To do: Reproduce the listing in full, exactly as written, but without images.

--- Given data ---

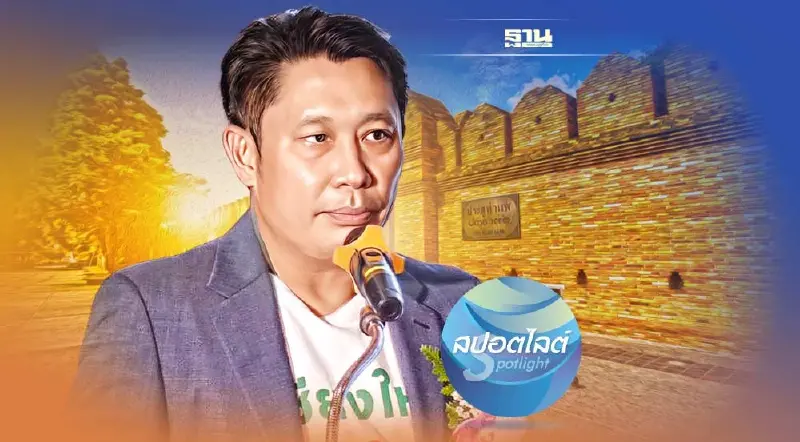 นายกสมาคมธุรกิจท่องเที่ยวจังหวัดเชียงใหม่"คนใหม่" 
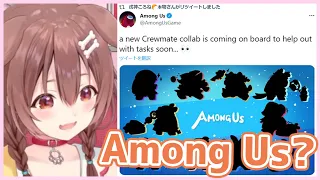 Korone reacts to Among Us Collab【Hololive】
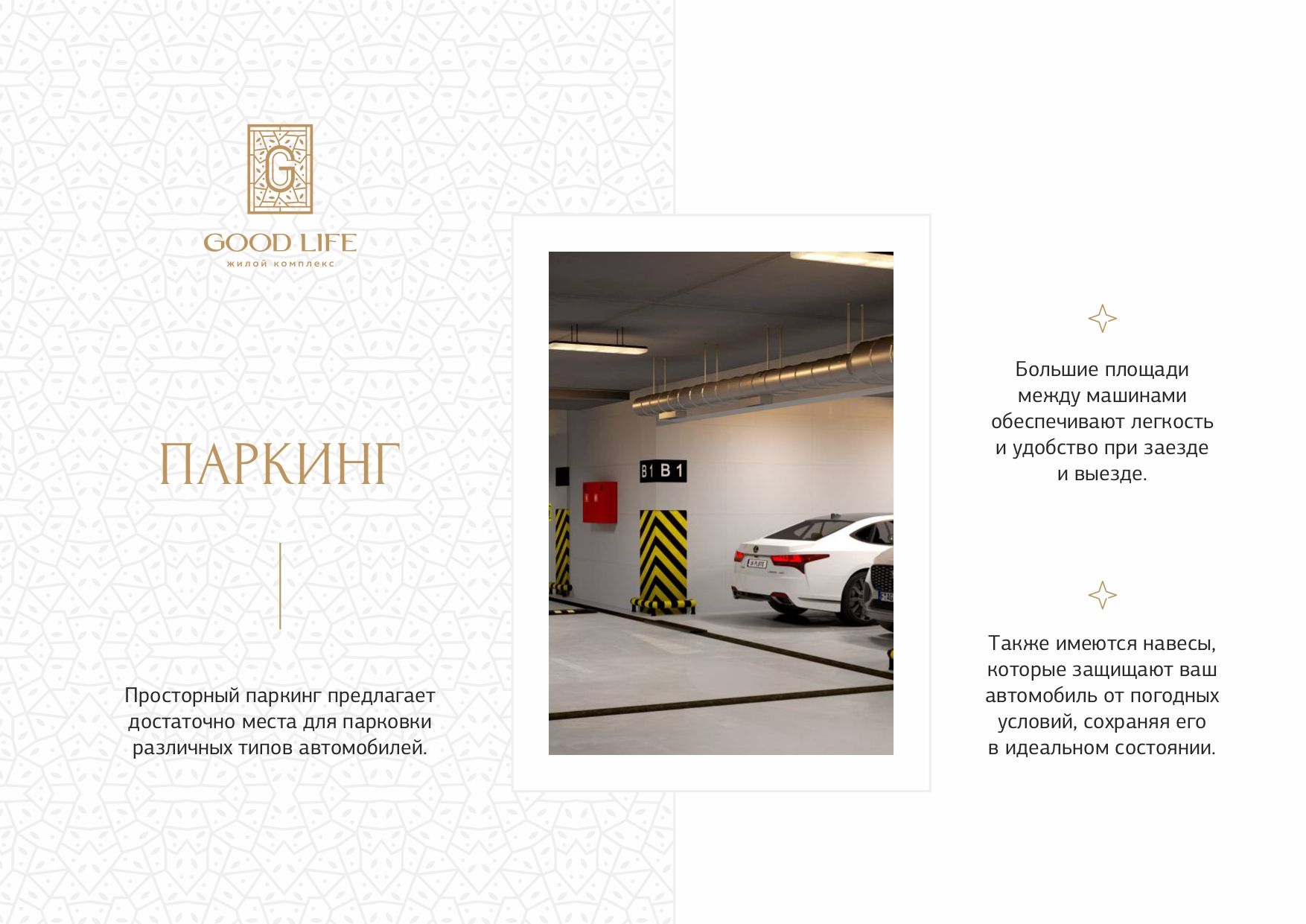 Good Life превью 7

---

Finished task:
 นายกสมาคมธุรกิจท่องเที่ยวจังหวัดเชียงใหม่"คนใหม่" 
 Korone reacts to Among Us Collab【Hololive】
 Good Life превью 7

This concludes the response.